"The Urban Boys: Discovery of the Five Senses" by K.N. Smith
This is about as contemporary Young Adult as it gets. Smith’s book very nicely encapsulates the standard elements of a group of high school friends who encounter a mystical force which gives them enhanced powers, then have to protect their hometown against a mysterious and malevolent villain. Whilst there is, in fairness, nothing particularly outstanding about Discovery of the Five Senses, it isn’t a bad book, either. The author K.N. Smith, however, seems something of a rough gem of a talent, and is perhaps the standout takeaway. Her general use of language and syntax are more sophisticated than I think this particular book gives her credit for, and I can’t help thinking that with a significant burst of narrative creativity, she is capable of delivering something very good indeed. As for this particular title, it doesn’t really stand out in any notable way beyond this. The usual tropes are there, but the story itself is a little on the light side, and in fact for the most part I wasn’t really sure of the degree – and therefore event the nature – of threat posed by the antagonist. That this seems to be simply a powerful and dark stranger, intent on wreaking violent havoc on a small town, didn’t seem to be enough to me; I would expect there to be more megalomaniac ambitions, particularly when it is revealed how long his campaign has been running for. Whatever, maybe I’m the one who has read too many YA novels. This is clearly intended as the first in a series of books, with surely an ongoing, underlying narrative and backstory, so I expect that Smith will take us much deeper into a fantastical world, with greater set-pieces and bigger threats, which I wasn’t so much feeling with this one.
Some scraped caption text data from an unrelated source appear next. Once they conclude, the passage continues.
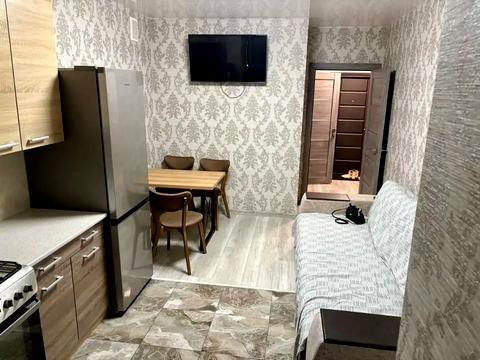 квартира за адресою Сімейна вул., 4
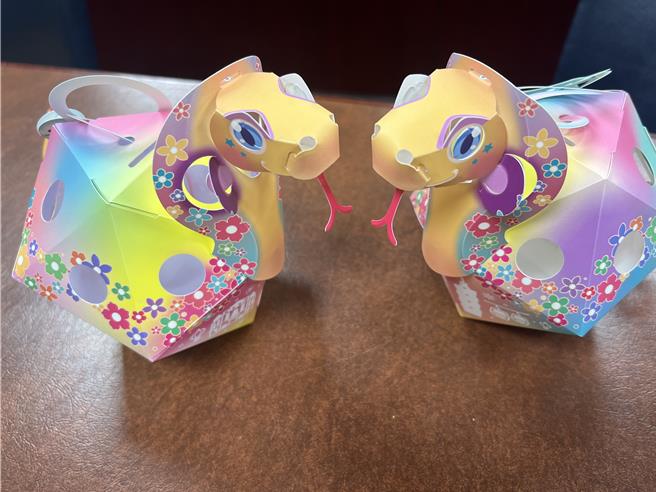 「台北小Q」結合「永續環保」設計理念，可重複利用，甚至能做成筆筒、存錢筒。（張珈瑄攝）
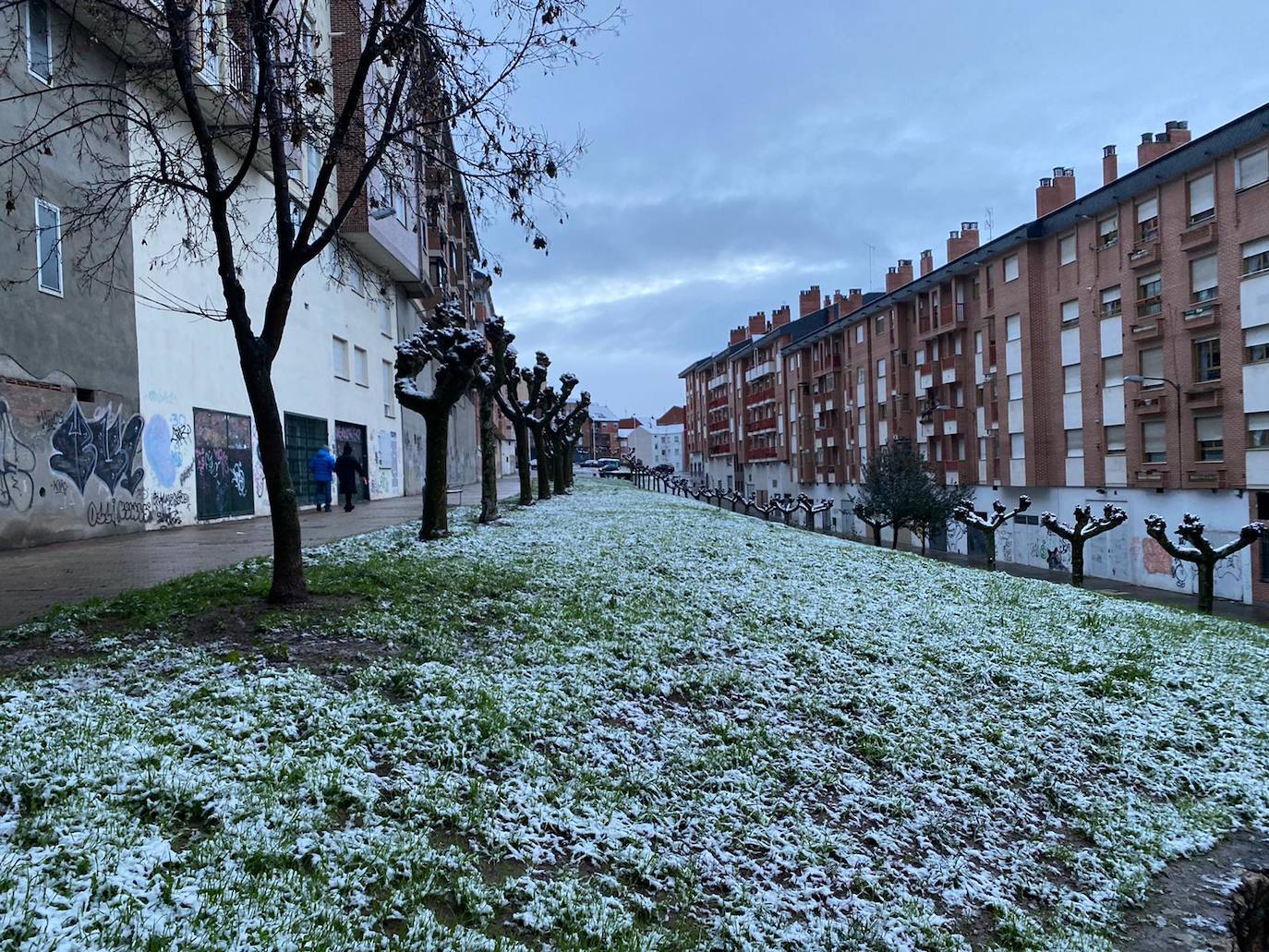 Ponferrada amanece teñida de blanco. 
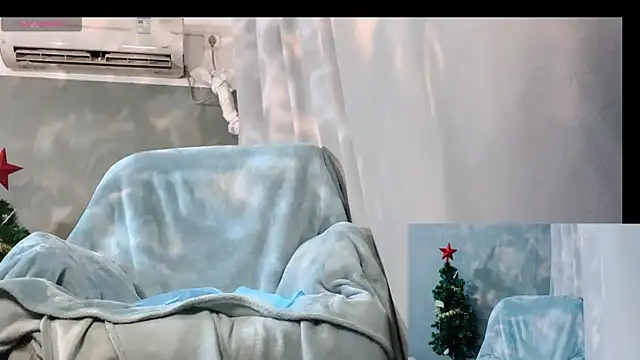 Snapshot of LuMei-Love chatting on 06-16-26, 01:33 LuMei-Love online show from 06-16-26, 01:33
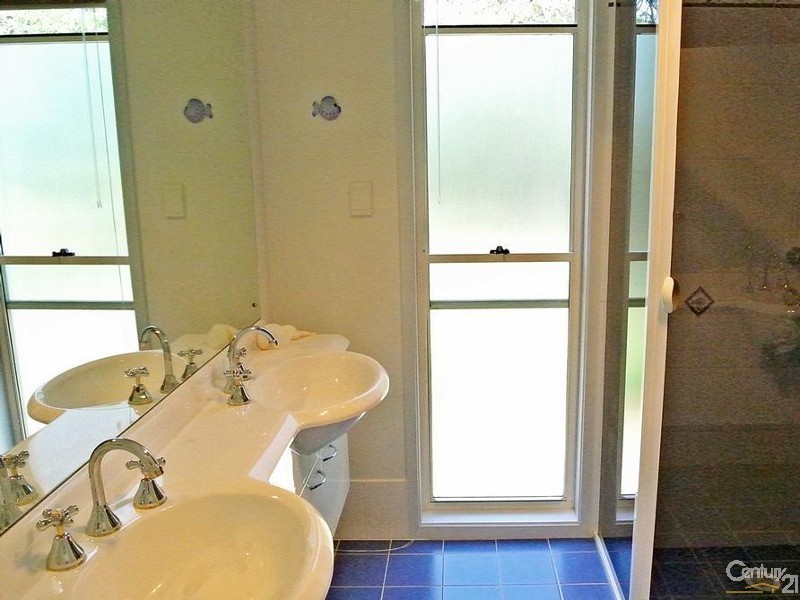 5 Kooraru Close, Tea Gardens NSW 2324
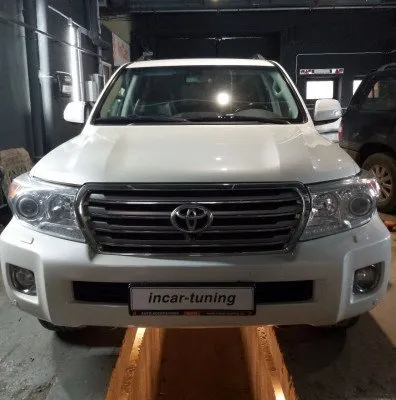 Фаркоп тип шара E с нерж. накладкой для Toyota Land Cruiser 2007-2023 / Lexus LX 2015-2023 (TLC-07-991124.00)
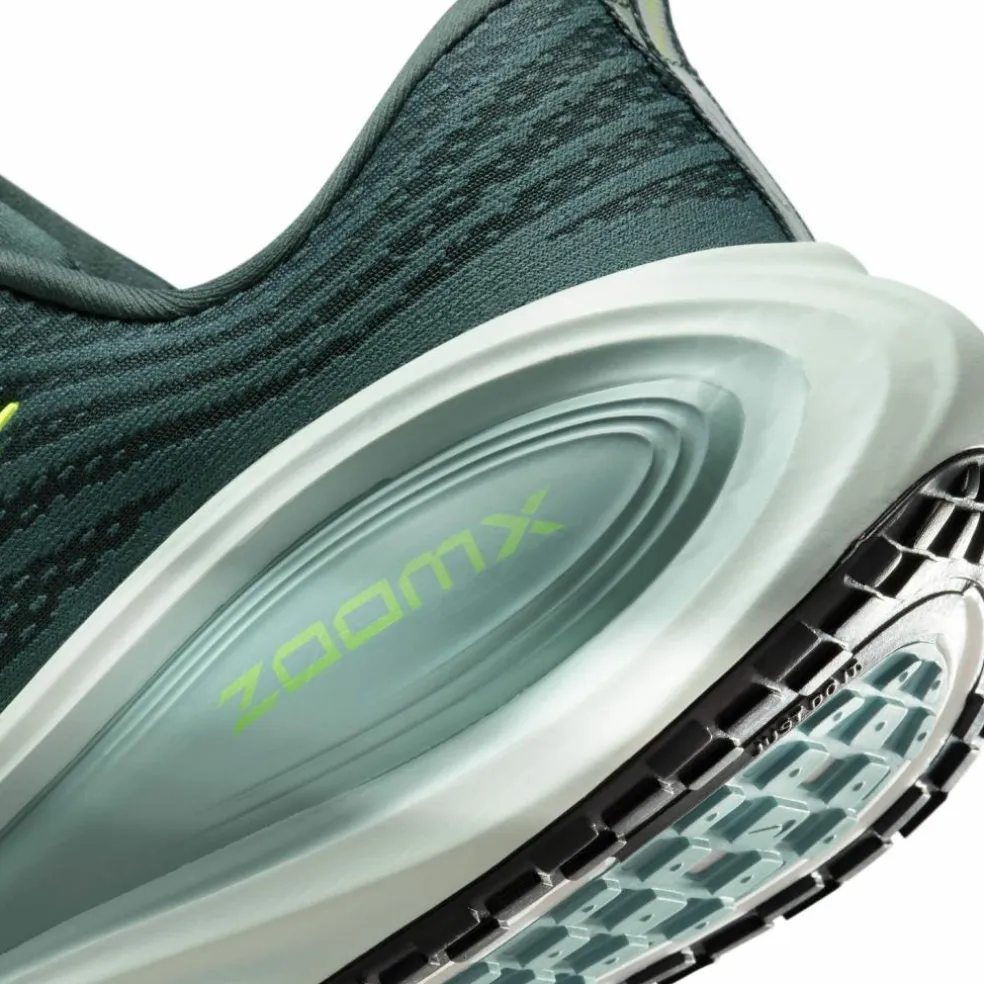 Nike · VOMERO PLUS
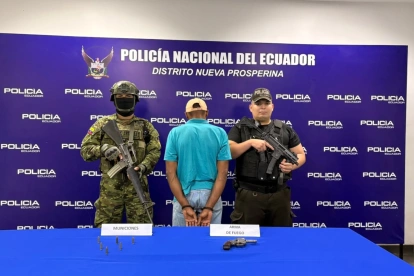 El capturado poseía un arma de fuego y municiones.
But, as mentioned, Smith herself is one to watch, and I would be interested to see what she gives us next. The book is written well, the diction is good, and there is some very plausible and naturalistic character interaction. The characters themselves are likeably flawed and more realistic than some – which is also testament to the natural ability Smith undoubtedly has for creative writing. This book would perhaps be suited to entry-level YA readers, rather than those more enveloped in the whole genre’s cultural scene. There is some violence, some of it indeed surprising, so it may not be suitable for very young readers, but at the same time older ones may question the depth of the story. Still, if you’re looking for a YA series with promise, from a clearly talented, up and coming author, this is definitely a good bet for you.